Talvez fosse apropriado que uma eleição com incomparável turbulência–com uma tentativa de assassinato e um ex-presidente fazendo campanha de dentro da prisão–fosse quase decidida no primeiro turno da votação com uma reviravolta chocante e final. Conforme a contagem dos votos foi sendo revelada de todos os cantos do Brasil no anoitecer do domingo, 7 de outubro, o candidato nacionalista de extrema direita Jair Bolsonaro do Partido Social Liberal (PSL) liderou com 46% dos votos válidos–o suficiente para chocar uma nação, mas não o suficiente para obter a presidência definitivamente. Ao invés disso, ele participará de um segundo turno em 28 de outubro contra o candidato de esquerda do Partido dos Trabalhadores (PT) Fernando Haddad.
O sistema eleitoral brasileiro pode ser confuso, especialmente para os observadores internacionais. Porque há dois turnos de votação? Como os votos são contados tão rapidamente? Como estas regras afetam o resultado das eleições?
A concepção do sistema eleitoral de cada democracia define os resultados políticos de maneiras intencionais e não intencionais. As regras do sistema podem modificar os resultados eleitorais explicitamente–como nos Estados Unidos, onde dois dos últimos três presidentes perderam o voto popular. Por outro lado, os estímulos do sistema podem modificar sutilmente a elaboração de políticas durante anos após o dia das eleições. Elementos das eleições simples, porém fundamentais, como a concepção das cédulas, podem determinar discretamente quem fica empoderado e quem fica prejudicado.
A democracia do Brasil, como a dos Estados Unidos, é imperfeita. Ambos os países lutam para tornar possível a representação de uma vasta população com prioridades competitivas, e ambos são atormentados por muitas das mesmas mãos invisíveis que definem as eleições nos bastidores–dinheiro sem origem comprovada, interesses corporativos, e notícias intencionalmente falsas ou enganosas, para citar algumas. Entretanto, as eleições brasileiras possuem elementos singulares para abordar as questões inerentes à democracia que são diferentes das características do sistema eleitoral americano. Nesta matéria, focalizaremos cinco aspectos-chave: o sistema multipartidário, os dois turnos, o voto compulsório, a votação eletrônica, e a natureza altamente regulada das campanhas políticas.
Explicando a Política Brasileira
O Brasil é dividido em 26 estados e um Distrito Federal (onde está localizada a capital, Brasília), todos sob a jurisdição do governo federal.

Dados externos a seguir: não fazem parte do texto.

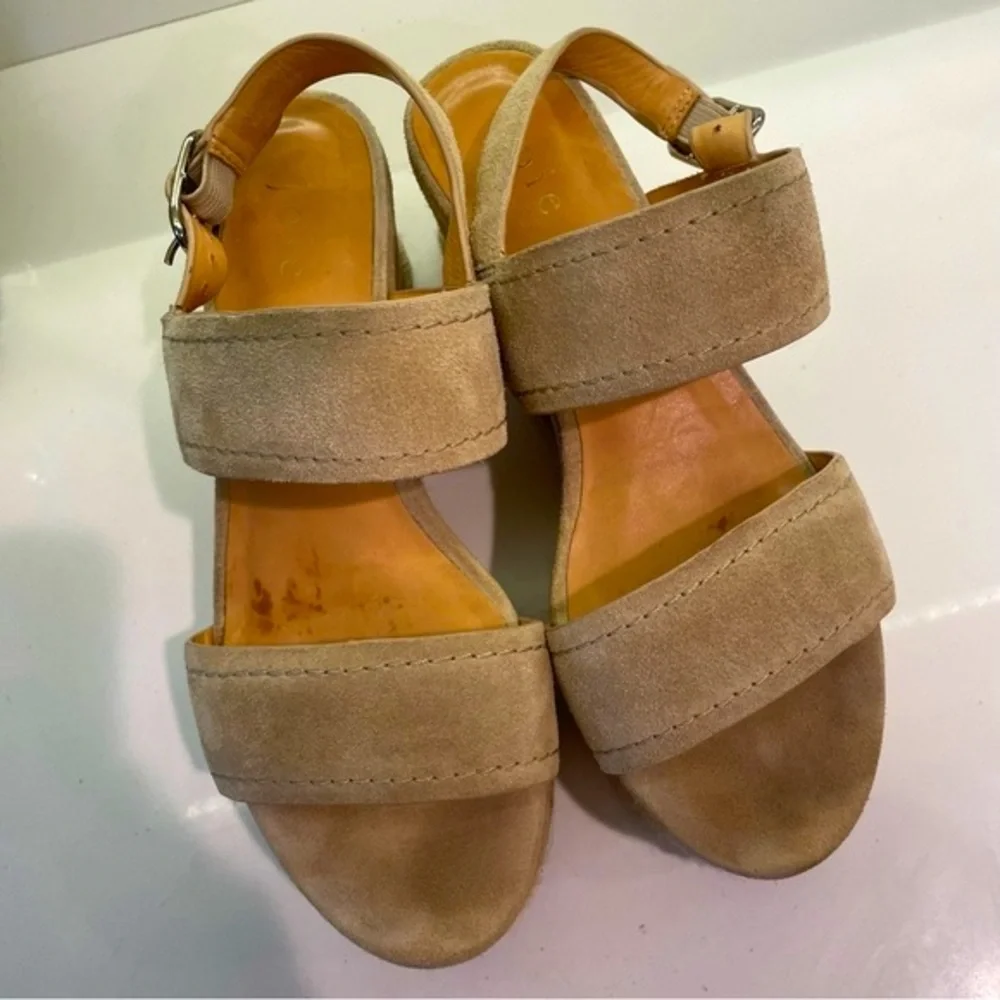 JOIE Light Tan Suede Platform Slingback Sandals! Great condition! 6 1/2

O governo federal é dividido em três ramos: o ramo executivo, encabeçado pelo presidente; o ramo legislativo, conhecido como o Congresso Nacional, que é dividido no Senado (81 membros, três para cada estado mais o Distrito Federal) e a Câmara dos Deputados (513 membros, cada estado e o Distrito Federal com 8 a 70 lugares com base na população); e o ramo judiciário, com a Supremo Tribunal Federal (11 juízes) e tribunais federais de instância inferior.

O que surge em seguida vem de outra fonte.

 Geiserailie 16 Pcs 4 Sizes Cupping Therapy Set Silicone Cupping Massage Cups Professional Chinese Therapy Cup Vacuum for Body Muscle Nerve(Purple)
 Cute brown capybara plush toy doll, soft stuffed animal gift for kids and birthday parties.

As eleições gerais são realizadas a cada quatro anos. Os presidentes são limitados a dois períodos consecutivos de quatro anos, mas podem candidatar-se novamente após um intervalo de um período. Os senadores são eleitos para um período de oito anos, enquanto os deputados para um período de quatro anos. Os juízes da Supremo Tribunal Federal (conhecidos como ministros) são nomeados pelo Presidente, confirmados pelo Senado, e servem até a idade compulsória de aposentadoria de 75 anos.

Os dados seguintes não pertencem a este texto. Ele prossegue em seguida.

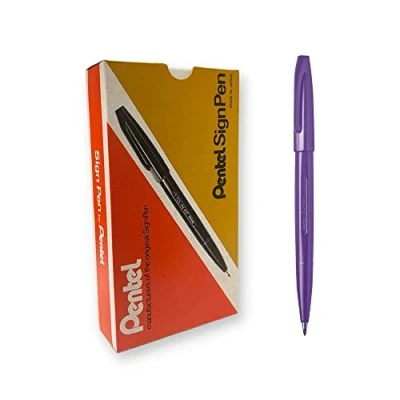 Abbildung von Pentel S520 V Sign Pen Faserschreiber, 0,8 mm Strichstärke, violett, 12er Pack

1. Sistema Multipartidário e Representação Proporcional
A política brasileira é multipartidária e altamente fragmentada. Após as eleições de 2018, os representantes de trinta partidos foram eleitos para o Congresso–estabelecendo um recorde histórico. Embora certos partidos têm sido influentes nas últimas décadas, os partidos mais reconhecidos não dominam como os Democratas ou Republicanos o fazem nos Estados Unidos. O potencial para partidos proeminentes dominar é ainda mais prejudicado devido à relativa facilidade de criar novos partidos e à fluidez com que tanto os eleitores como os candidatos trocam de partido. Entretanto, o Partido dos Trabalhadores (PT)–adorado por muitos apoiadores por instituir programas sociais que tiraram milhões da pobreza, odiado por outros pelo seu papel no enorme escândalo Lava Jato–é a figura gigantesca da política brasileira contemporânea, tendo ganhado as últimas quatro eleições presidenciais. No entanto, nem o PT nunca manteve mais de 91 dos 513 lugares na Câmara dos Deputados ou mais de 14 dos 81 lugares no Senado de uma só vez. Por outro lado, nos Estados Unidos, um partido tem mantido uma maioria absoluta na Câmara e no Senado em quase todo o governo desde que a era de dois partidos começou nos anos de 1800. Ao invés de forçar unilateralmente uma agenda, os partidos brasileiros somente podem governar (ou obstruir) efetivamente com a formação de coalizões com outros partidos.
No Brasil, os senadores são eleitos de forma clara e direta: dois lugares estão disponíveis de cada vez e os dois mais votados são eleitos. Por outro lado, os lugares na Câmara dos Deputados são conferidos com base num sistema incrivelmente complexo de representação proporcional. Apenas os partidos registrados oficialmente podem apresentar candidatos e eles devem receber um limiar mínimo de votos, conhecido como o quociente eleitoral para serem representados. Isto é concebido para afastar partidos marginais, mas também cria uma barreira alta para partidos novos ou pequenos ultrapassar. Em segundo lugar, os partidos ganham uma proporção do total dos assentos, conhecida como o quociente do partidário, baseado na proporção do total dos votos recebidos por todos os candidatos do partido. Finalmente, os partidos preenchem os lugares com os mais votados dentro do partido, mas somente se o seu candidato ultrapassar outro limiar de um mínimo de votos—o lugar é perdido para outro partido se um candidato não atingir este limiar.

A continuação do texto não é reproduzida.